Sedgwick’s Corps had crossed over into Fredericksburg, making demonstrations hoping to keep Lee’s entire Army in their trenches above and south of the town. Lee left only a division behind and went a few miles west to deal with Joe Hooker’s machinations.
After several attempts, Sedgwick was able to break the thin Rebel line at Fredericksburg, capturing Marye’s Heights, the scene of the bloodiest fighting at the December battle. Following this success, he slowly made his way towards Hooker’s Army, attempting to come in behind Lee at Chancellorsville. But it was not to be. Lee detached troops to stop him and, by nightfall, Sedgwick’s VI Corps was stood still near Salem Church.

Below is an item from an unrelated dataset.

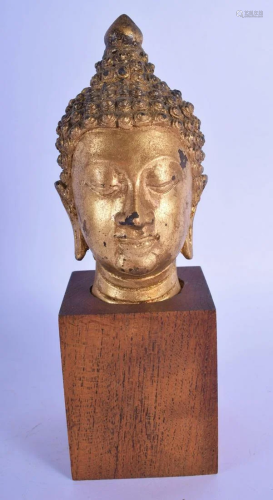 AN EARLY 20TH CENTURY SOUTH EAST ASIAN GILDED METAL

And on the morning of this date, that is where he remained. At 6:30am, Sedgwick received a message from Joe Hooker. Everything, according to the Union commander, was going well. He optimistically hoped that Lee would attack him. Hooker wished for the Confederates to dash themselves upon the rocks of his defenses. He also wanted Sedgwick to retreat towards Banks Ford on the Rappahannock should things get too hot.

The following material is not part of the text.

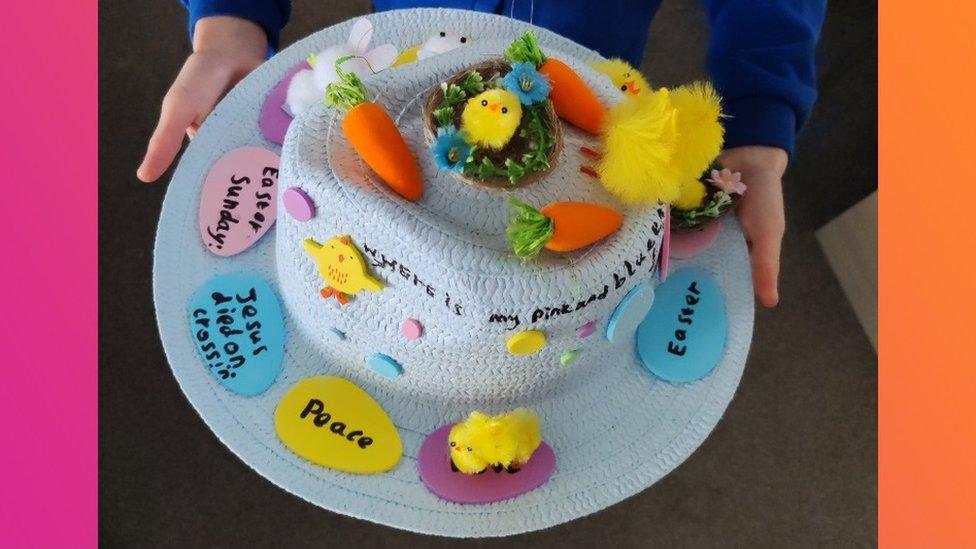 Blue straw Easter bonnet with chicks and decorations.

Through the night, General Lee had sent reinforcements to Salem Church, hoping to keep Sedgwick confined. This was a great risk, leaving 36,000 to face Hooker’s 75,000. But Lee believed he knew his opponent wasn’t about to attack.
The previous day, Hooker suffered what was probably a concussion. Perhaps that explains why, around 8am, he wanted Sedgwick to have two brigades positioned so as to aid the main body. What 75,000 troops up against a half of their number needed with two extra brigades was anybody’s guess.

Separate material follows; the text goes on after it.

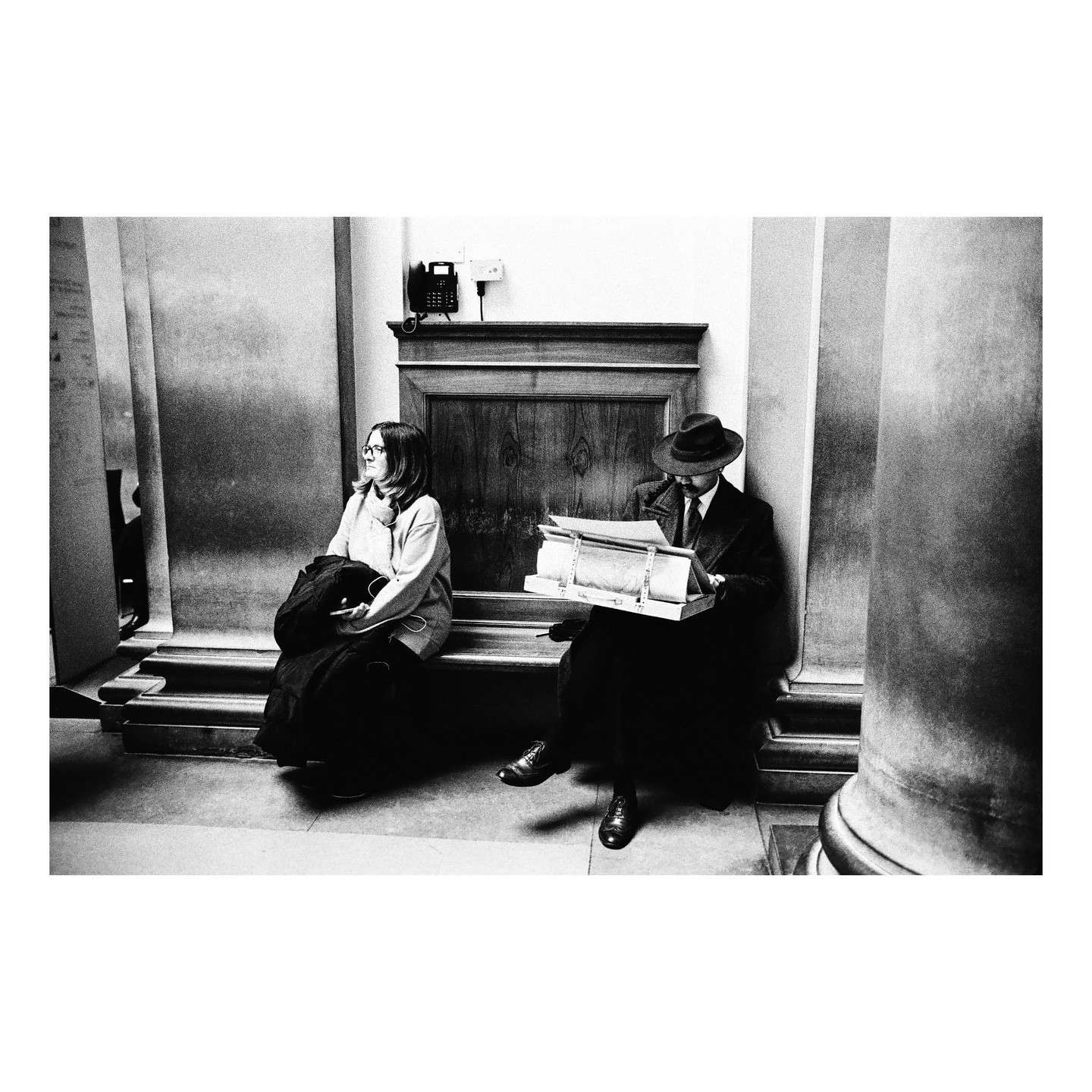 A woman and a man in a hat sit on a bench, with the man looking at papers in a box.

General Jubal Early, commanding the right of Lee’s lines near Salem Church, launched an attack to sever Sedgwick’s link with Fredericksburg and the Union base at Falmouth. Led by John Gordon’s Georgia Brigade, they stormed and screamed up Telegraph Road, crossed Hazel Run and crashed into Sedgwick’s stretched out left. Taking a bit of uncontested high ground, they fell upon the Yankees, quick to retreat.
Sedgwick refused his line, giving up the connection with Fredericksburg, as well as with Marye’s Heights. This put the entire corps in a vise, surrounded on three sides by Rebels, and on the fourth side by the Rappahannock River.
But Early’s attack had run out of steam and was unable to drive Sedgwick’s left off the ridge it now occupied. Hoping to make a concerted effort with the entire force at hand, Early sent word to McLaws’ Division to join in. McLaws’ sent to Lee for more reinforcements, and so Anderson’s Division was pulled from the line at Chancellorsville with orders to make for Fredericksburg.
This was yet another gamble. It left behind only 25,000 troops to face Hooker’s 75,000. What it did, however, was even the odds against Sedgwick. Lee wanted to destroy his entire corps and assembled 21,000 men, nearly half his infantry, to do it. Lee, who had been with the troops at Chancellorsville, left just before Anderson’s Division took to the road, soon placing it between McLaws and Early.
Lee wanted a lightening strike, but what he got was a very worn out fizzle. The troops, especially Anderson’s, were exhausted. All afternoon Lee waited, his patience growing shorter, as Anderson looked for a way to get between McLaws and Early – Sedgwick’s Federals were still blocking road.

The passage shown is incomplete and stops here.